[WHAT IS REQUIRED]: Restate word for word only the lines from the one with "Papier paraffiné 1" through the end of the records; no pictures belong in the copy.

[DATA SHOWN]:
##########

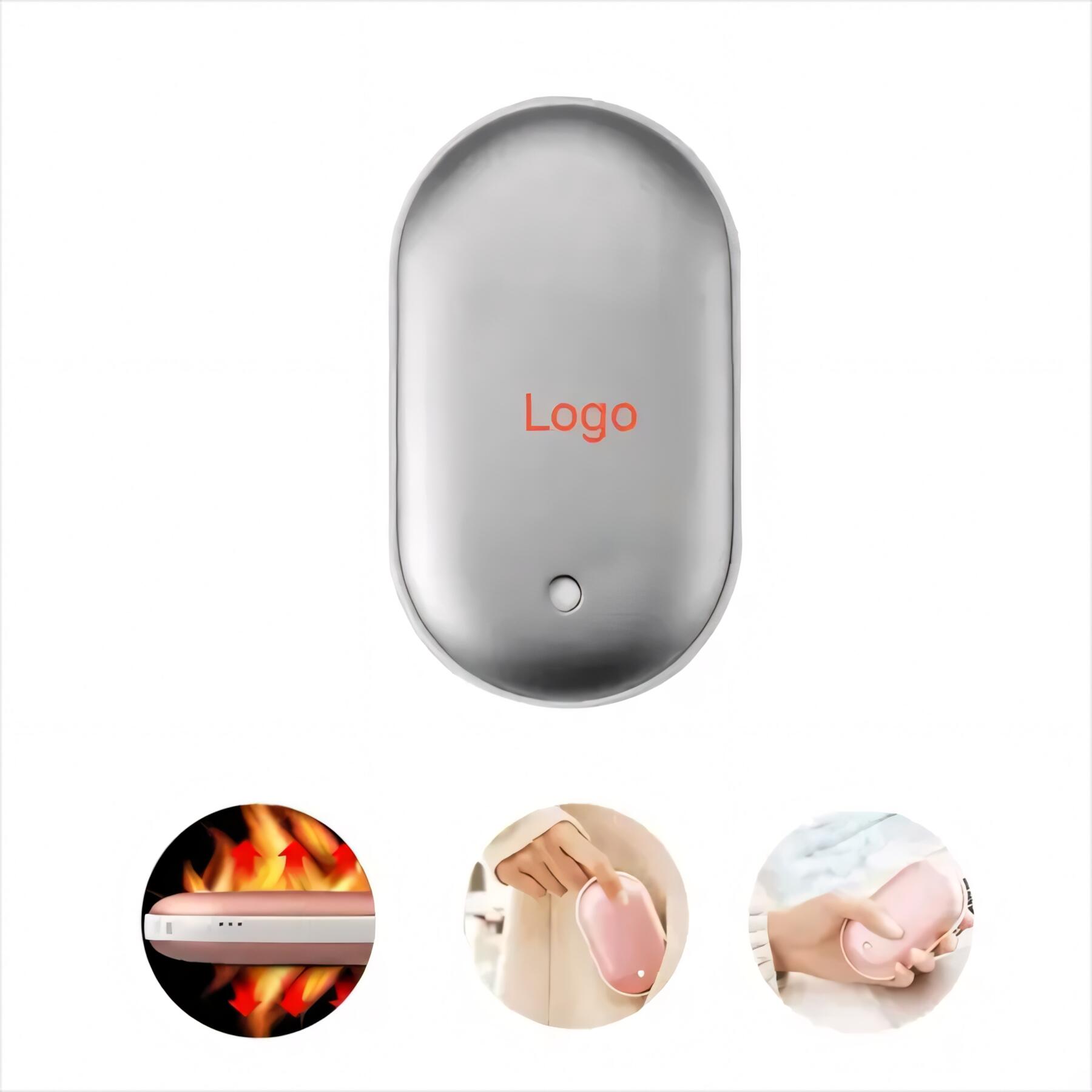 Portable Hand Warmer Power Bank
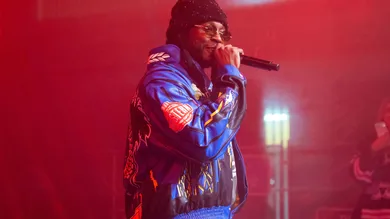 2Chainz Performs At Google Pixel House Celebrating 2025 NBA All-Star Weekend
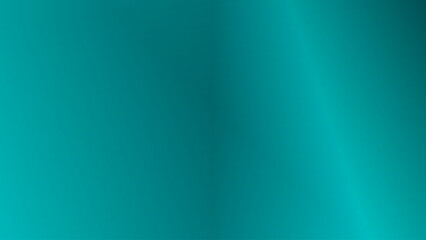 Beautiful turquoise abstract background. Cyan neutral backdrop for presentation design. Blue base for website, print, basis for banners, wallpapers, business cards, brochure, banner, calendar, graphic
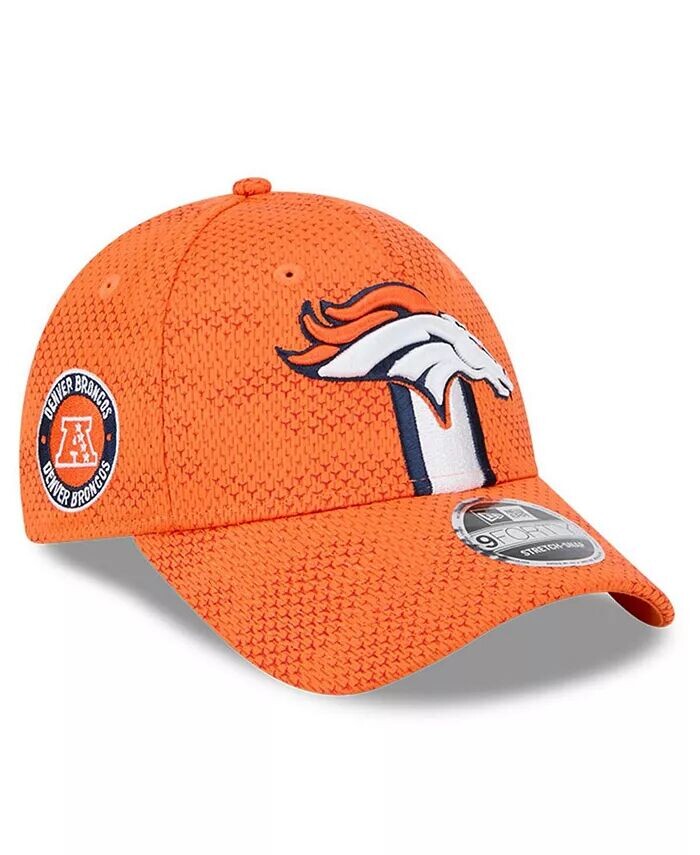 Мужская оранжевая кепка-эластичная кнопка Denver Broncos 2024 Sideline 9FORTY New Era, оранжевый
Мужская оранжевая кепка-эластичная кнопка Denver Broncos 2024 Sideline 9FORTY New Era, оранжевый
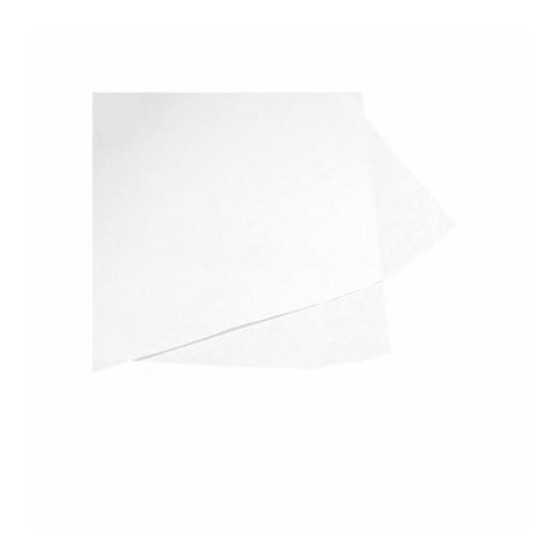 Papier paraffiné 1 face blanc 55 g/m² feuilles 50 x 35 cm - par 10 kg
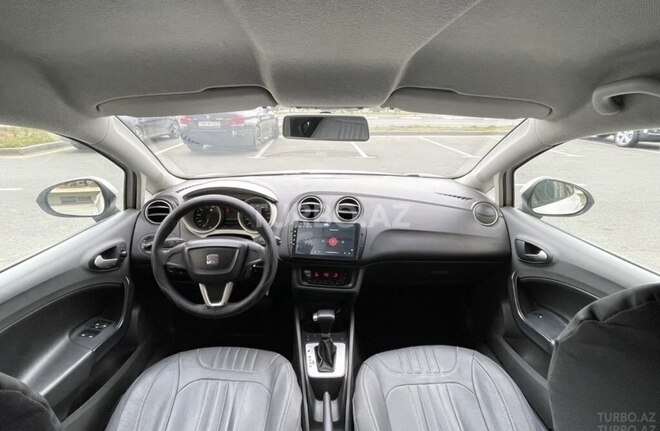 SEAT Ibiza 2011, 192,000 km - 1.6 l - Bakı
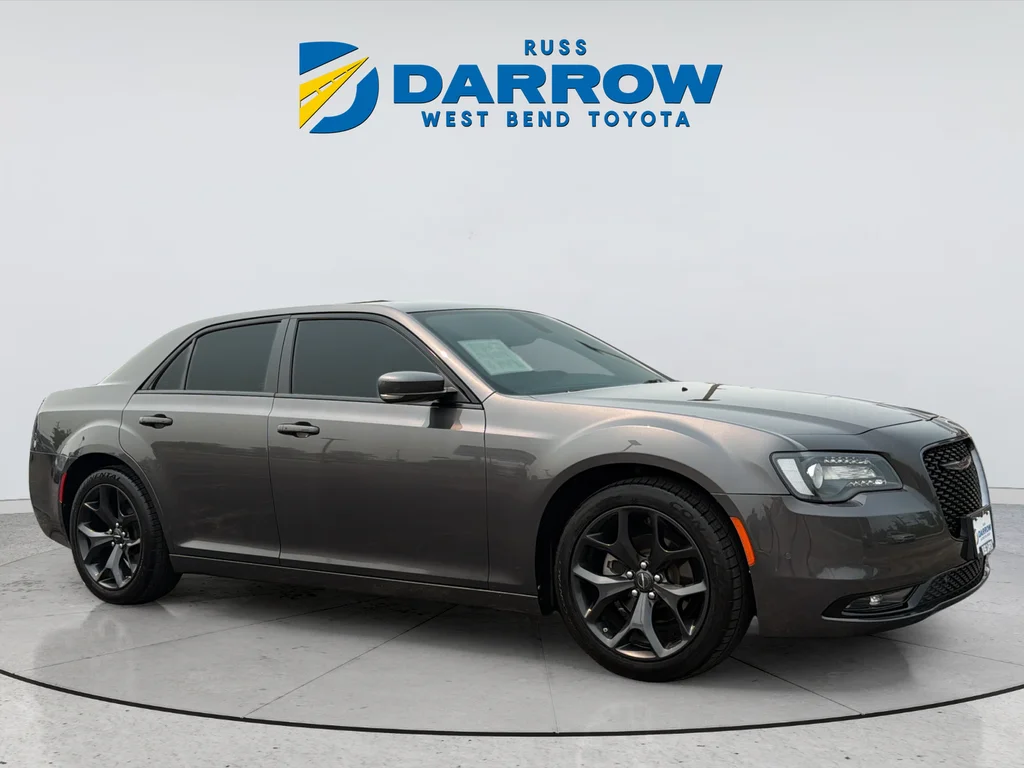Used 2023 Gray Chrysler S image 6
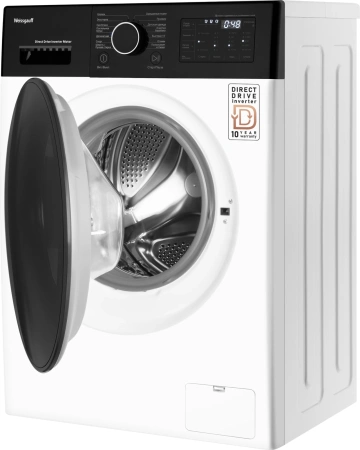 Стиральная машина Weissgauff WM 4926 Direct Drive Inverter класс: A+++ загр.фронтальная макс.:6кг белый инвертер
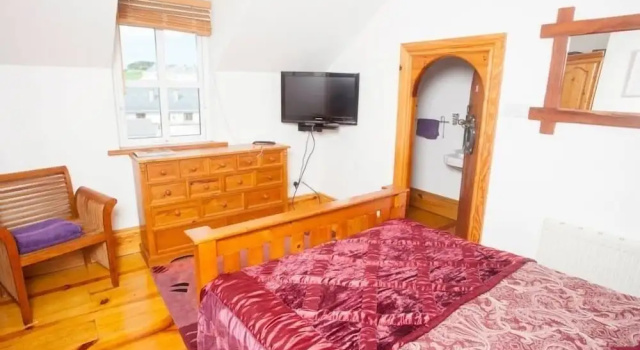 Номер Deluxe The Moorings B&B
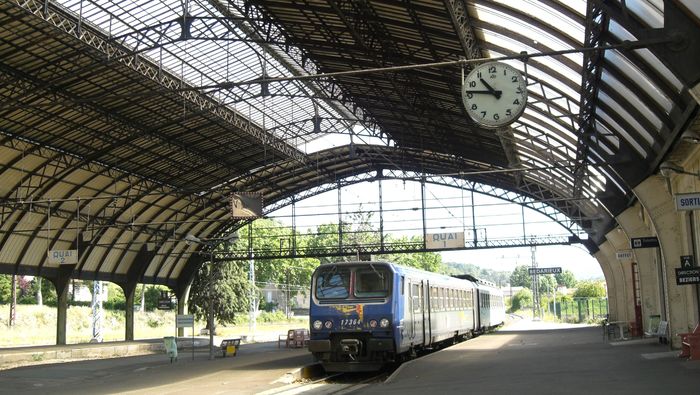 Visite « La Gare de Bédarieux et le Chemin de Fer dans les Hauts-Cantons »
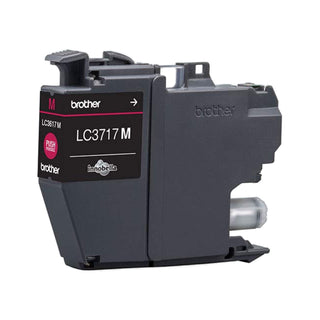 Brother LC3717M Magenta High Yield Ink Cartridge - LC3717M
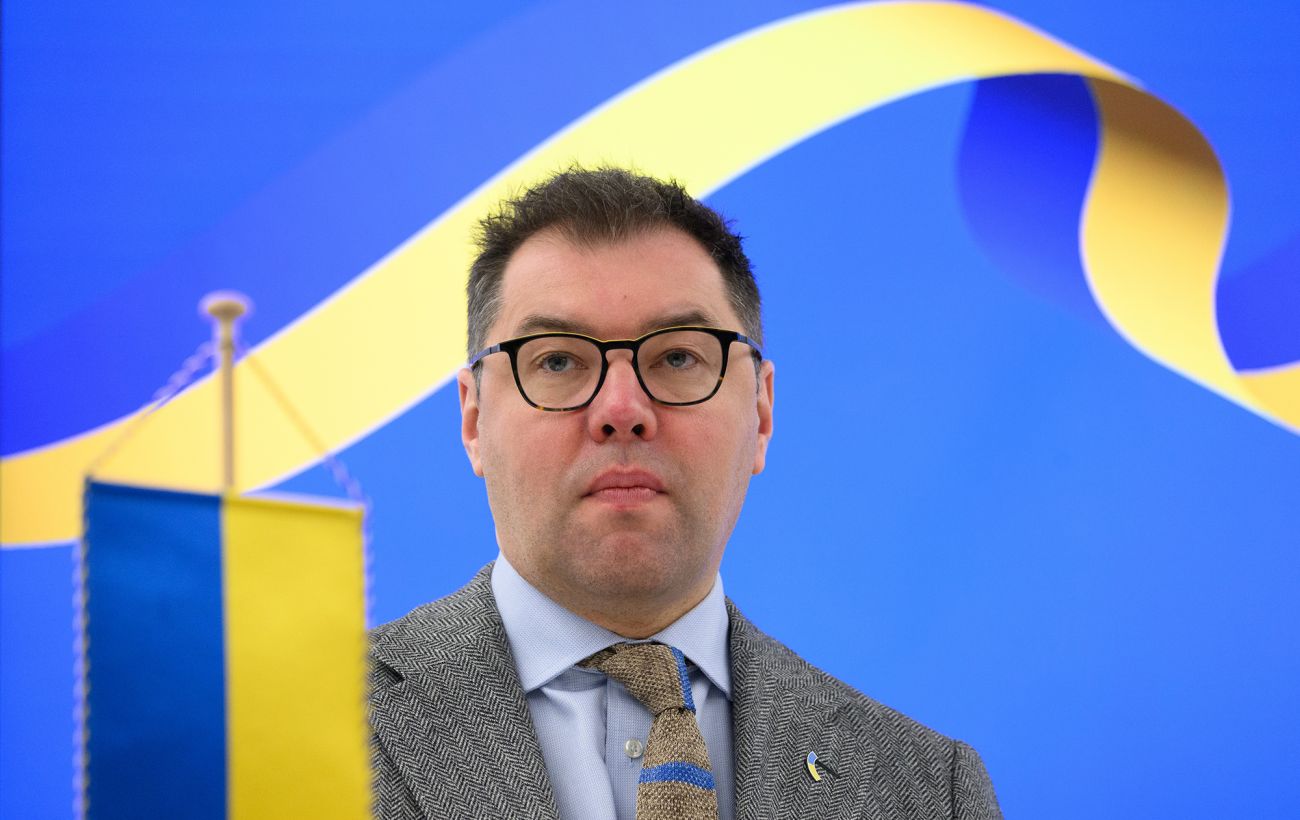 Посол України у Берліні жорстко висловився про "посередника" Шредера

##########

[RESULT FOR THIS EXERCISE]:
 Papier paraffiné 1 face blanc 55 g/m² feuilles 50 x 35 cm - par 10 kg
 SEAT Ibiza 2011, 192,000 km - 1.6 l - Bakı
Used 2023 Gray Chrysler S image 6
 Стиральная машина Weissgauff WM 4926 Direct Drive Inverter класс: A+++ загр.фронтальная макс.:6кг белый инвертер
 Номер Deluxe The Moorings B&B
 Visite « La Gare de Bédarieux et le Chemin de Fer dans les Hauts-Cantons »
 Brother LC3717M Magenta High Yield Ink Cartridge - LC3717M
 Посол України у Берліні жорстко висловився про "посередника" Шредера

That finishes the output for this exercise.